#### DATA LISTING

+===+

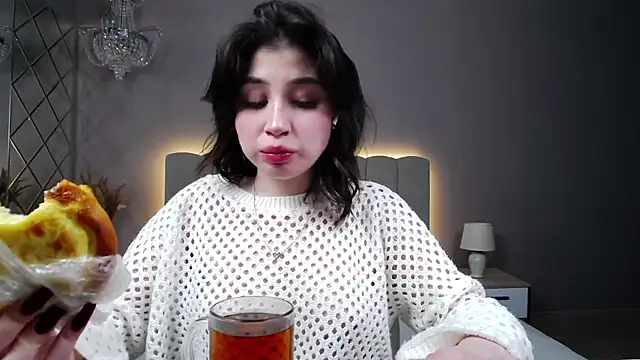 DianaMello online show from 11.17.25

+===+

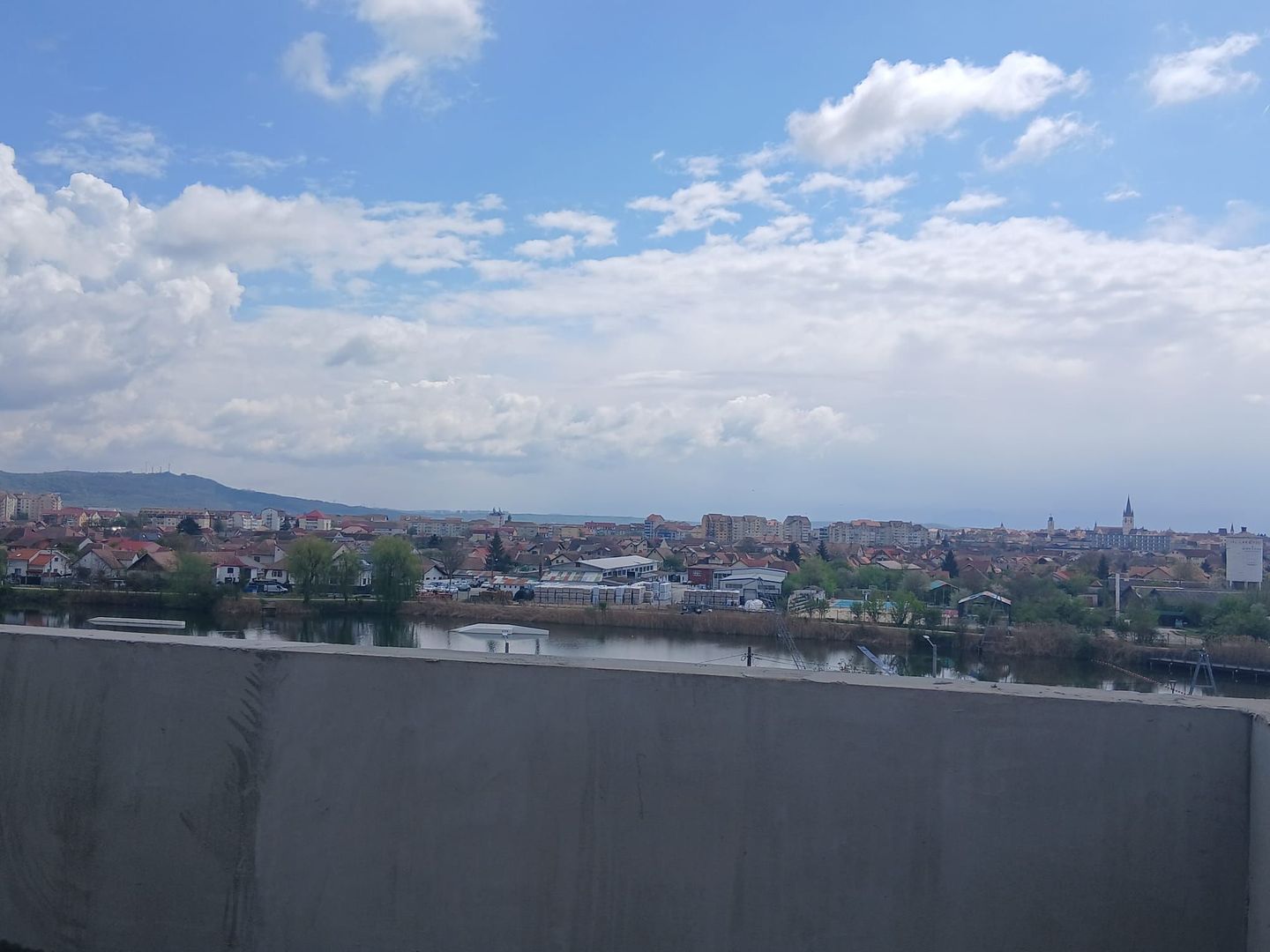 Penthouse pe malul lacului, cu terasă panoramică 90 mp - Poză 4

+===+

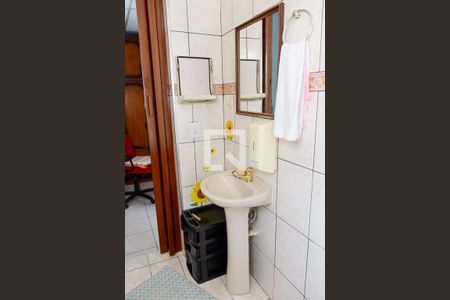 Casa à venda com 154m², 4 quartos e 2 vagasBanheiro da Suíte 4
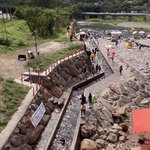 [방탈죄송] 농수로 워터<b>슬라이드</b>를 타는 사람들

+===+

#### PROBLEM DETAILS
From the records above, output only the lines starting at the one containing "Casa à venda" and ending at the one containing "[방탈죄송] 농수로 워터<b>슬라이드</b>를 타는 사람들", word for word. Pictures stay out.

#### SOLUTION FOR THIS PROBLEM
 Casa à venda com 154m², 4 quartos e 2 vagasBanheiro da Suíte 4
 [방탈죄송] 농수로 워터<b>슬라이드</b>를 타는 사람들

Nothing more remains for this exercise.